The strategy is very simple. It holds stocks replicating the S&P 500 and, at the monthly VIX expiration, purchases a quantity of front-month VIX calls corresponding to the level of the VIX Index. With VIX<15 or >50, no calls are bought. With VIX>15 and <30, 1% of the portfolio is allocated to VIX calls, and with VIX>30 and <50, 0.50% of the portfolio is allocated to VIX calls.
I don’t want to focus on strategy details here, but I will note that VIX call options are some of the most expensive products in the world: as Reed Hogan explained in his excellent feature for Expiring Monthly, the volatility risk premium in VIX options is even greater than in SPX options, which in turn is greater than in individual stock options. When we researched the VXH strategy, the size of the VIX option premium was one reason we elected to hedge with VIX futures instead.
But strategy issues aside, there are two other reasons to avoid products like VIXH. The expense ratio of the fund is listed as 0.60%. At all times, 99% of the portfolio will be invested in the S&P 500, with occasional periods of 99.5% and 100% SPX allocations during extremely volatile and extremely quiet markets.

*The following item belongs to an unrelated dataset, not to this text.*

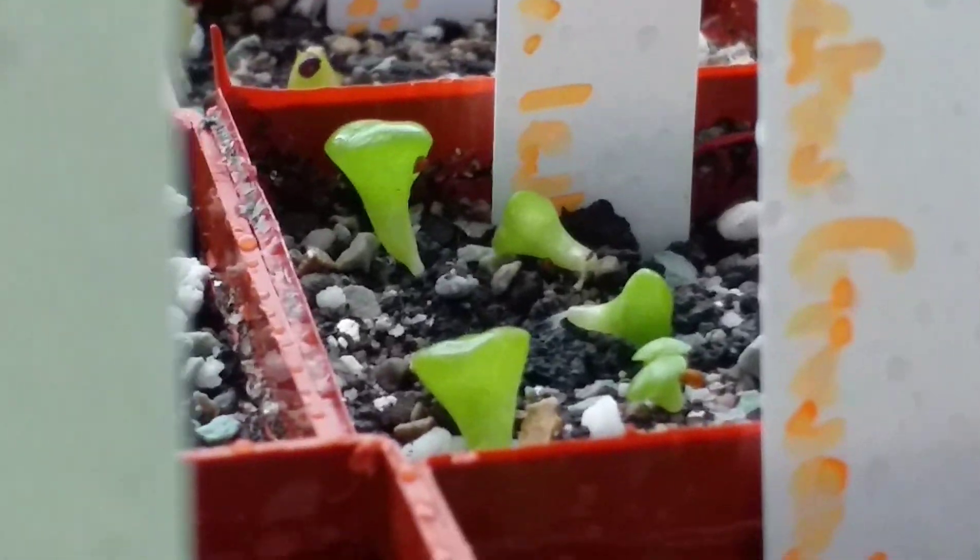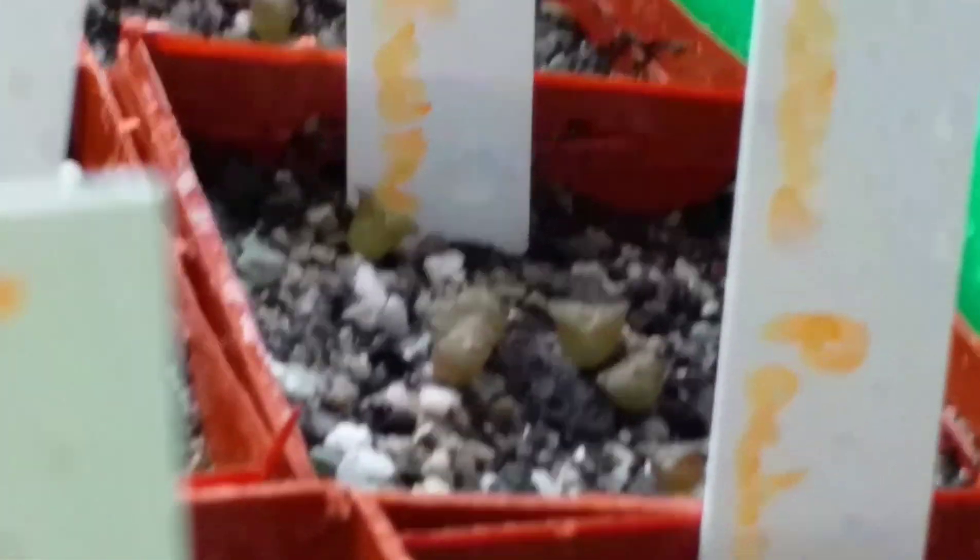We've got some more Echinocactus grusonii, some Trichocereus patrinoi, some more Lithops, more Lobivia acrensis with really good germination again, and some Melocactus geometrizans. I really like Melocactus geometrizans - they're beautiful plants. I've got a few of them in my collection already and I love them.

Let’s grant for the sake of argument that investors should be willing to pay 0.60% for someone to buy some VIX calls for them every month. They should pay that fee on the portion of the portfolio being actively managed. First Trust Advisors is not making any changes or taking any other action with the remaining 99% of the portfolio to justify that 0.60% fee. In effect, they are asking you to pay 0.60% for the S&P 500 when you could just as easily have it for 0.09% or 0.05%:
|Ticker||ETF||Structure||Expense Ratio||Commission Free|
|SPY||SPDR S&P 500 ETF||Unit Investment Trust||0.09%||Not Available|
|IVV||iShares S&P 500 Index Fund||Exchange Traded Fund||0.09%||3 Platforms|
|VOO||Vanguard S&P 500 ETF||Exchange Traded Fund||0.05%||Vanguard|
Table from ETFdb
The same criticism applies to the Barclays VEQTOR product (VQT), which charges 0.95%, although the VQT methodology would be much harder for individual investors to replicate and VQT is at least managed daily. First Trust’s product is rolled monthly.
Including vanilla SPX exposure in a tail risk hedging ETF is a design flaw. What about all those investors who want exposure to assets other than S&P 500 stocks – that is, the vast majority of investors? These products are of little use to them. That’s the first problem, and it would be an important problem even if expense ratios were very low. But they aren’t, and that’s the second reason investors should avoid these products: there is no reason you should pay these sorts of fees for a portfolio 99% of which is just the plain vanilla S&P 500.
Full disclosure: we offer a tail risk hedging strategy (the VIX Portfolio Hedging (VXH) Strategy) by subscription and in individually managed accounts. I’m obviously biased, but I think it’s clear that the problems with these ETFs are exactly the sort of problems that we solve via the managed account route. VIX positions are allocated based on the size of the account being hedged, which means that the fees charged are only charged on the capital used for hedging – not on the capital held elsewhere in other assets that have nothing to do with us. First Trust, Barclays, and other providers want you to pay through the nose for exposure to AAPL, XOM, and other mega-cap stocks, and we see no reason why you should.